Rabu, 28 April 2010

SPIRITUAL, Keyakinan Membuat Hidup Berarti

Apa hal baik yang tersisa dari penjahat terbesar ?
Nurani untuk berbuat baik.
Apa yang membuat penjahat masih mau berbuat baik ?
Karena dia masih punya keyakinan.
Keyakinan yang macam apa ?
Keyakinan bahwa ada balasan untuk sebuah kebaikan.
Bahwa tidak ada yang sia-sia dari berbuat baik.
Bahwa masih ada Tuhan yang mau menerima amal.
Bahwa nanti kita akan menemui NYA.
...

Seorang atheis pun (mungkin saat tua nanti) merasa akan menemui Tuhan pencipta alam semesta ketika ajal datang menjemput.

Pemahaman akan adanya karma atau pembalasan atas kebaikan membuat semua orang ingin berbuat baik. Pemicunya bisa berupa air mata, ratapan kesedihan, jerit kelaparan, keluh kesah orang tua dan miskin, atau doa dari yang teraniaya.

Rasa spiritual yang hadir sedini mungkin membuat jiwa ini bahagia lebih lama dan banyak. Jika seseorang dijamin kehidupan normalnya dengan nyaman hingga hari tua maka dia akan mencurahkan waktu kerjanya untuk berbuat baik bagi keluarga, tetangga, dan lingkungan sekitar. Karena kebaikan akan berbuah hadiah dikemudian hari. Karena kita memiliki rasa spiritual.

IBADAH, antara RASA PERTEMUAN dan RITUAL

Dalam setiap agama ada kegiatan ibadah sebagai wujud nyata dari penghambaan mahluk kepada penciptanya. Tanpa adanya ibadah maka tak bergunalah pengakuan kita sebagai mahluk agama. Cinta pun memerlukan bukti.
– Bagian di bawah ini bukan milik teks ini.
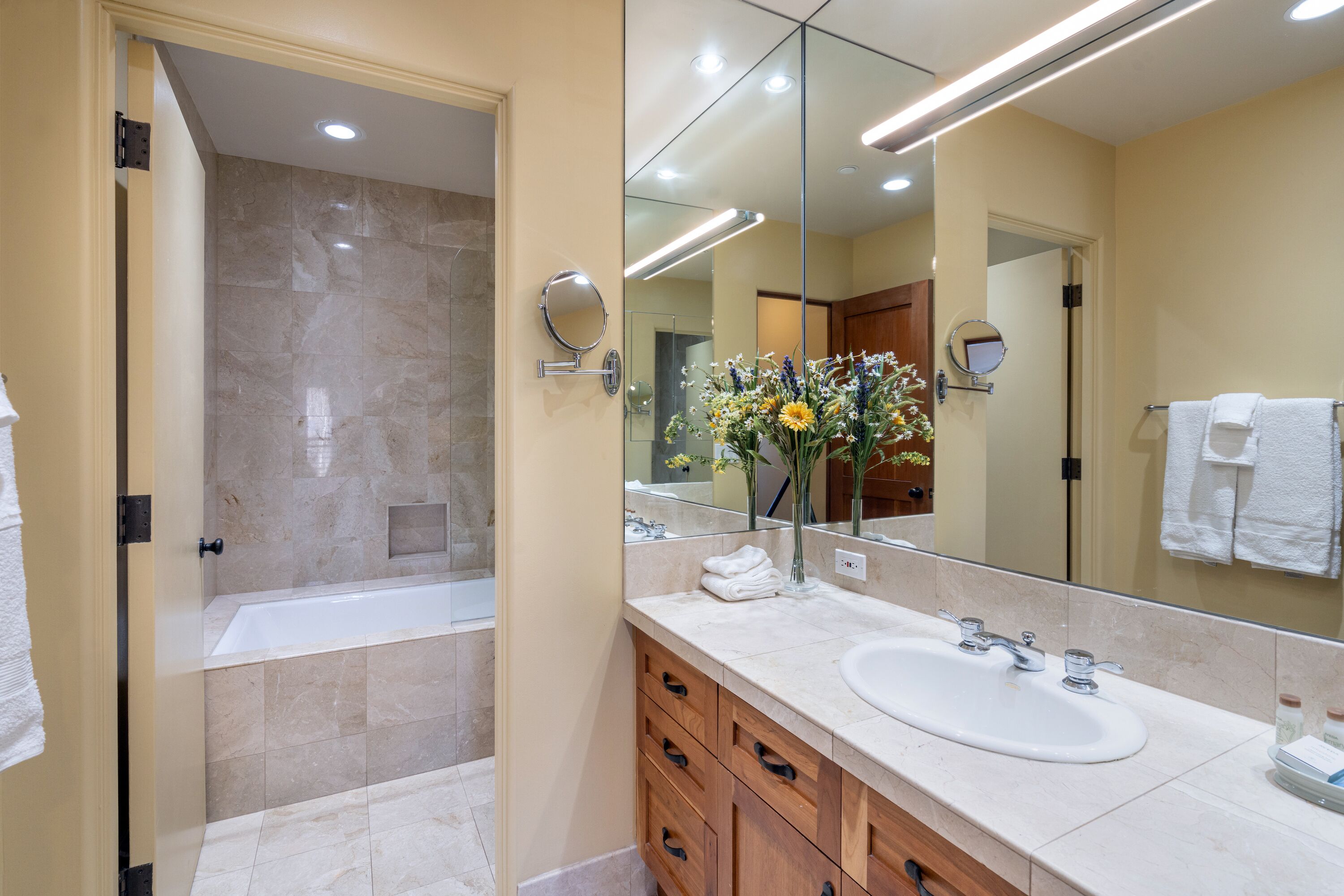 A modern bathroom with a bathtub, a sink, and a large mirror.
Yang menjadi hal penting adalah…
Pertama: Seberapa penting kita mengalokasikan waktu ibadah kita ?
Seperti halnya olahraga, maka menurut saya alokasi waktu untuk ibadah seharusnya dijadikan prioritas, bahkan lebih. Hal ini dikarenakan kepentingan jangka panjang yang menyatakan bahwa ibadah adalah untuk saat abadi kita bersama Tuhan.

Namun kita sepertinya banyak mengabaikan hal ini. Bahkan juga diabaikan oleh para tokoh agama. Kita beribadah pada saat tubuh lelah, pakaian tak rapi, dan waktu yang tergesa-gesa. Kita menjadikan Tuhan secara riil benar-benar di nomor dua dalam prioritas kita.

Kedua: Rasa dalam ibadah.
Entah karena telah terlalu sering atau karena faktor ‘bukan prioritas utama’ maka kita memperlakukan ibadah layaknya makan pagi menjelang berangkat kerja. Kalau bisa diselesaikan cepat maka tak perlu dilambatkan. Kita menjadi lupa esensi ibadah sebagai pengisian kembali baterai jiwa kemanusiaan kita.
Seharusnyalah kita mengerti arti dari bahasa ibadah sehingga kita mampu memahami dan merasakan permohonan ampun, permintaan harapan dan keinginan untuk dekat. Bahasa dalam ibadah biasanya dibaca dan dihapal dalam bahasa kuno. Belajar bahasa ibadah adalah sebuah keharusan untuk dapat memahami apa yang terkandung didalamnya.

Seharusnyalah kita melakukan ibadah dengan setulus-tulusnya hingga hanya ada Tuhan bersama kita. Kebersamaan kita dengan Sang Khalik menjadikan air mata kita berarti. Kita dapat tulus menceritakan rahasia terkelam dan harapan terbesar. Kesalahan dan Kebaikan pun boleh kita ceritakan. Kepada siapa lagi kita boleh jujur tanpa takut langsung dihukum.